Charlottesville native, Landers, who writes for Slate, Smithsonian Magazine, The Daily Beast, Rewire.News and the Washington Post, and who conducts a Monday evening round table radio show on WPVC-FM, describes himself as an author and hunter who travels around the country hunting and eating invasive species.  He’s even written a book about his adventures entitled “Eating Aliens” and appeared on the Travel Channel’s Bizarre Foods with Andrew Zimmern.  This is his first film – finished in two months to beat the entry deadline for this year’s Virginia Film Festival.  He made it as a way of setting down a record of the events.  “This isn’t an activist film,” he explained.  “I just wanted to show what happened.”

Photo credit: by Jackson Landers and Brian Wimer

The homegrown 90-minute film gives a chronological account of the events leading up to and during the rally and marches in Charlottesville.  With no filmmaking experience of his own, Landers admitted his most difficult challenge was finding someone to put all the pieces together (he found Wimer) and conduct video interviews with counter protestors and local residents who had experienced a terrifying outpouring of anti-Semitic and racial hatred in their rural university town.  Having been pepper sprayed five times while in the thick of it, he witnessed the two-day events, including the fatal crash on Fourth Street and that of the fatal downing of a police helicopter.  While he and Wimer are still tweaking the film based on audience reaction, the filmmakers claim to have verified every statement given by witnesses.  Remarks that could not be proven, were edited out, though many video clips of interviews as well as remarks by Cornell West in the lead up to the rally are included.  Thirty cameras spread out across the area, give the documentary both extensive coverage and an intense immediacy.

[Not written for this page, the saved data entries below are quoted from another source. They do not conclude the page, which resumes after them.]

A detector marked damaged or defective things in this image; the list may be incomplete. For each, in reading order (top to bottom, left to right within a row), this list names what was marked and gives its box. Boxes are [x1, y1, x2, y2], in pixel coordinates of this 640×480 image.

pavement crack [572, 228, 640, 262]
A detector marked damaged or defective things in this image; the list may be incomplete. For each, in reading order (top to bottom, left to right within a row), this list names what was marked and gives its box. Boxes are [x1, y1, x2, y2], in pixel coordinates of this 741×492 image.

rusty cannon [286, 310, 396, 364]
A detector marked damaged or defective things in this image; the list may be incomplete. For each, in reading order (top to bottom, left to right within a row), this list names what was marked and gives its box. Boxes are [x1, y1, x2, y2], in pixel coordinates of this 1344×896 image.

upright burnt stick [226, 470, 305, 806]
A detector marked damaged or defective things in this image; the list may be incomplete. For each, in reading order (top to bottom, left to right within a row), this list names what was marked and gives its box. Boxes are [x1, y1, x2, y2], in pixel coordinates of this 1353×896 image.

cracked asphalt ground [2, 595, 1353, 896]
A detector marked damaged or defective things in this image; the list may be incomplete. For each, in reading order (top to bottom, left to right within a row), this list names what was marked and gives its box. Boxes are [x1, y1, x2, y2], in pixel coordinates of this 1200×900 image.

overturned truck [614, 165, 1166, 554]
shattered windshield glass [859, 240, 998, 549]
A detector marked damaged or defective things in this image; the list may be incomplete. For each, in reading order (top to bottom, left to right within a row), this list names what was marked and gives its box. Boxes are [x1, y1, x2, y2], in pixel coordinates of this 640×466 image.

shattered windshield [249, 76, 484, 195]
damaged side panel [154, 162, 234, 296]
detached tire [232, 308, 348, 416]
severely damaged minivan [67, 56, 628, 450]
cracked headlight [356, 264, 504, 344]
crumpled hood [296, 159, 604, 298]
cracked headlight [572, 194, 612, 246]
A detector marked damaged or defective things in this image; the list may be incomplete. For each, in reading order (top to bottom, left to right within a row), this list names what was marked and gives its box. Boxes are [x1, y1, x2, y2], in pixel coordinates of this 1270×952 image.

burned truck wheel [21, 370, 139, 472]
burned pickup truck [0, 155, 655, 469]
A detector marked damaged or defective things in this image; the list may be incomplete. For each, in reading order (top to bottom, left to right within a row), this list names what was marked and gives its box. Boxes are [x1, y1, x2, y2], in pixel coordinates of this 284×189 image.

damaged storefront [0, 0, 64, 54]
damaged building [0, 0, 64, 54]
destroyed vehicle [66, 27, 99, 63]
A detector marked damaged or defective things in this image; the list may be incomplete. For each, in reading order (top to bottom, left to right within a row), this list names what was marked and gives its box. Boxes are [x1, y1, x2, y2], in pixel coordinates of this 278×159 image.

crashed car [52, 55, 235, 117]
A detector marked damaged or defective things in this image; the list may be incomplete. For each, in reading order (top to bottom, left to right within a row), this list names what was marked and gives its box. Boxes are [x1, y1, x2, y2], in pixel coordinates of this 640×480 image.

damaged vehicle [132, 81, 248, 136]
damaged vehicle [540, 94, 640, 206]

Landers also spoke about the aftermath of the bloody events in Charlottesville.  He has continued to seek FOIA documents through the courts in regards to the police activity, as well as their strategy, but finds himself up against an army of lawyers.

Photo credit: by Jackson Landers and Brian Wimer

Attendees were afforded a Q & A with Landers after Sunday’s screening.  Several who had been at the rally wanted to know why it wasn’t shown that counter protesters were assaulted on side streets on their way to the rally.  Landers said, “The genesis of the film was to show the perspective of the people of Charlottesville,” and suggested there would be other films that would approach it from different perspectives.  One attendee, who cited a CIA report calling 9/11 “ a failure of imagination” by security forces, saw the hands off approach by the University and the Virginia State Police as the same problem.  It’s been reported that a police captain told his force to prepare for an event similar to the annual UVA “block party”.

Although this seminal event that resulted in the deaths of counter protester Heather Heyer and two police helicopter pilots, as well as dozens of injuries, did result in the subsequent removal of countless Civil War statues and confederate flags around the South, the bottom line is, could this happen in our town?  And the answer is yes.

One of the more familiar faces of the white supremacists movement, Richard Spencer, lives in the heart of Old Town.  As they did on that fateful day, he and cohort David Duke, former Grand Wizard of the Ku Klux Klan, organize these rallies and give fiery speeches to their followers.  Last Sunday, sitting quietly in the audience was Spencer associate and National Policy Institute’s Director of Operations, Greg Conte, aka Greg Ritter.  He has been quoted as saying he plans to start his own white nationalist movement.  Stay woke, Alexandria.